Information shown:
Content starts
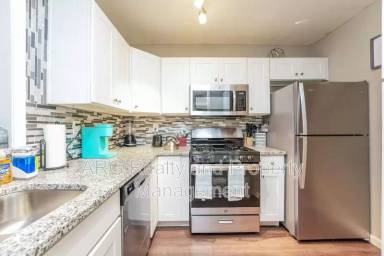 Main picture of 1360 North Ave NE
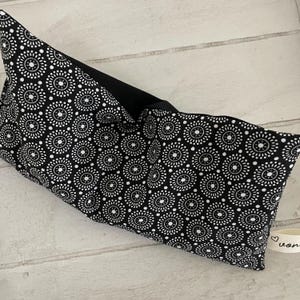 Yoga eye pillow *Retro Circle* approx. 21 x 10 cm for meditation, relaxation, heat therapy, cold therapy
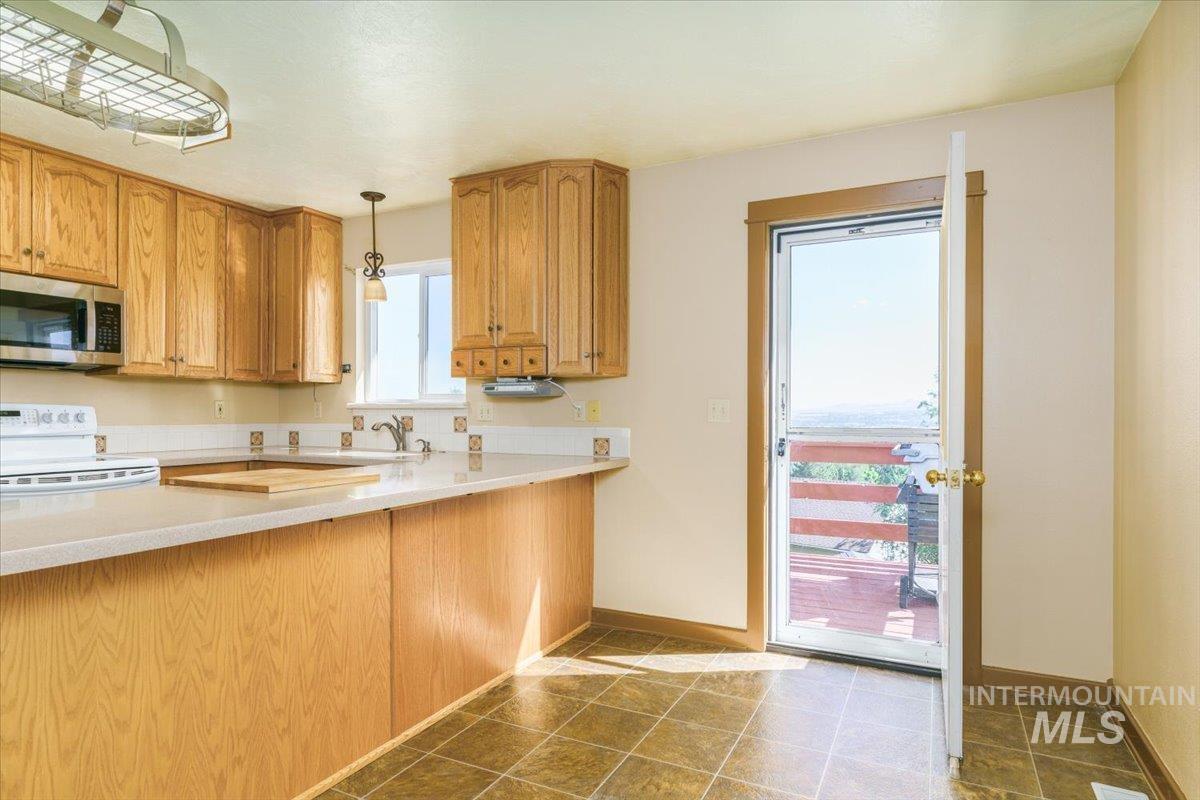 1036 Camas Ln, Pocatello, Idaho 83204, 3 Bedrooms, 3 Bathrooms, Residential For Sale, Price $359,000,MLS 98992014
Content ends
Your objective:
Each line above is to be copied exactly, and the pictures are to be dropped.

Solution:
 Main picture of 1360 North Ave NE
 Yoga eye pillow *Retro Circle* approx. 21 x 10 cm for meditation, relaxation, heat therapy, cold therapy
 1036 Camas Ln, Pocatello, Idaho 83204, 3 Bedrooms, 3 Bathrooms, Residential For Sale, Price $359,000,MLS 98992014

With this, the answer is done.